How retrieval decides what's relevant. Most RAG stacks retrieve too much and trust the model to sort it out. That burns tokens, crowds out reasoning, and reliably drops important context on the floor when something novel shows up. The interesting work isn't in embedding choice — it's in ranking, re-ranking, and deciding when to not retrieve at all.

How memory gets written and when it gets trusted. Memory is context that persists between sessions. The hard questions: what's worth writing, what's worth overwriting, what's worth forgetting, and who gets to see it. A memory system without a clear answer to those four is a hallucination cache.

How tool output becomes context. Tool calls return structured data. The agent reads it as unstructured language. The conversion — schema to prose that preserves meaning without overflowing the window — is where a lot of production quality lives, and it's almost never where teams put their best engineers.
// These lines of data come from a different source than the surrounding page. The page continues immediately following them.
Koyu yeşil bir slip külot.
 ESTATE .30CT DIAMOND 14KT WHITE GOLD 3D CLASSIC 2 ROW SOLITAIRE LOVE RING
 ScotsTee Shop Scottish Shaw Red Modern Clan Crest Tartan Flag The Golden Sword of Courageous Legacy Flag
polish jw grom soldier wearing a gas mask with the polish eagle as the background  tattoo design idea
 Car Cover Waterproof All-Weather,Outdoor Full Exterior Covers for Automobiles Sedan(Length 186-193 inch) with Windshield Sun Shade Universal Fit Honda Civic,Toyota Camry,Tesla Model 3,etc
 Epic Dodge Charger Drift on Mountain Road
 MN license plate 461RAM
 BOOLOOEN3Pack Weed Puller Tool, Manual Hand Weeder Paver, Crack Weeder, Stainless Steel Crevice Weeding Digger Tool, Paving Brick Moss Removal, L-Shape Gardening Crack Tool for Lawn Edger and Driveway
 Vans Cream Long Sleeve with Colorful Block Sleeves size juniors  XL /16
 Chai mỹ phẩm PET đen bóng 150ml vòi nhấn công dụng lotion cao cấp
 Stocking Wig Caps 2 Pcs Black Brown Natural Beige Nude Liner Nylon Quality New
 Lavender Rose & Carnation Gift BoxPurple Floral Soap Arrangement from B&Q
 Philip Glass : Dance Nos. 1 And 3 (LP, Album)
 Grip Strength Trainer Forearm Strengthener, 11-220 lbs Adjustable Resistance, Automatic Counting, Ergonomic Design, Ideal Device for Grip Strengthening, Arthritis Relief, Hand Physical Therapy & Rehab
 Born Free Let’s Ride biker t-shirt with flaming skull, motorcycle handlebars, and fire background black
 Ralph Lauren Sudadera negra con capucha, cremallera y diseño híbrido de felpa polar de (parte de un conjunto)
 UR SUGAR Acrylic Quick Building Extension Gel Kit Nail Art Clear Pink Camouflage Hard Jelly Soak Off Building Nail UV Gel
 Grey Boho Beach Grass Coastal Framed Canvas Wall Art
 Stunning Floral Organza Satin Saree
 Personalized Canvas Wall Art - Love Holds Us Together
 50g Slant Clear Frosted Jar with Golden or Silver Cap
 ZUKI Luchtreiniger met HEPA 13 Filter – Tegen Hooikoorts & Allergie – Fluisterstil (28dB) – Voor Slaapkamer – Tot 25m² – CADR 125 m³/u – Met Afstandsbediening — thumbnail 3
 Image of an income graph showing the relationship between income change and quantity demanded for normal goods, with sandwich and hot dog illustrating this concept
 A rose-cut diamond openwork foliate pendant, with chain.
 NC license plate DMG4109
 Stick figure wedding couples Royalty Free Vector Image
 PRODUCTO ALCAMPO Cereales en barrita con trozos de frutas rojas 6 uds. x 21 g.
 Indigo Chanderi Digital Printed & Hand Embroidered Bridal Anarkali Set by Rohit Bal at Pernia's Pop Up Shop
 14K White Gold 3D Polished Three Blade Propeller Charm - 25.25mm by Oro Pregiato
How the whole pile gets compressed when it grows. Sessions stretch. Documents pile up. The window is finite and expensive. Compression strategies — summarization, eviction, hierarchical memory — are where the real engineering effort hides, and the one nobody demos.

None of this is new. What's new is that these decisions used to be one person's judgment call inside a single application, and now they need to be a reusable platform because every team is making them at once. The companies that figure out how to ship this as infrastructure, not as a feature, are the ones I think get outsized.

Two adjacent problems make context harder than it looks.

Evaluation. Most eval suites test the model, not the context. You can have a great model making great decisions on garbage context and pass every eval in the stack. Context-quality evals (is the right stuff retrieved, is memory accurate, is the compression lossy in important places) are the interesting rubric — and nobody has a shared vocabulary for them yet.

Drift. Context systems degrade as data shifts, users accumulate memory, and tools change shape under you. A product that was reliably correct six months ago is often quietly wrong today, and the signal is buried in aggregate metrics that look fine.

The part I'm most interested in is the 0.1% of sessions where context engineering fails silently: the model sounds confident, the answer is subtly wrong, and no eval catches it. That's the product problem that matters at scale. Everything else is tractable. That one isn't, yet.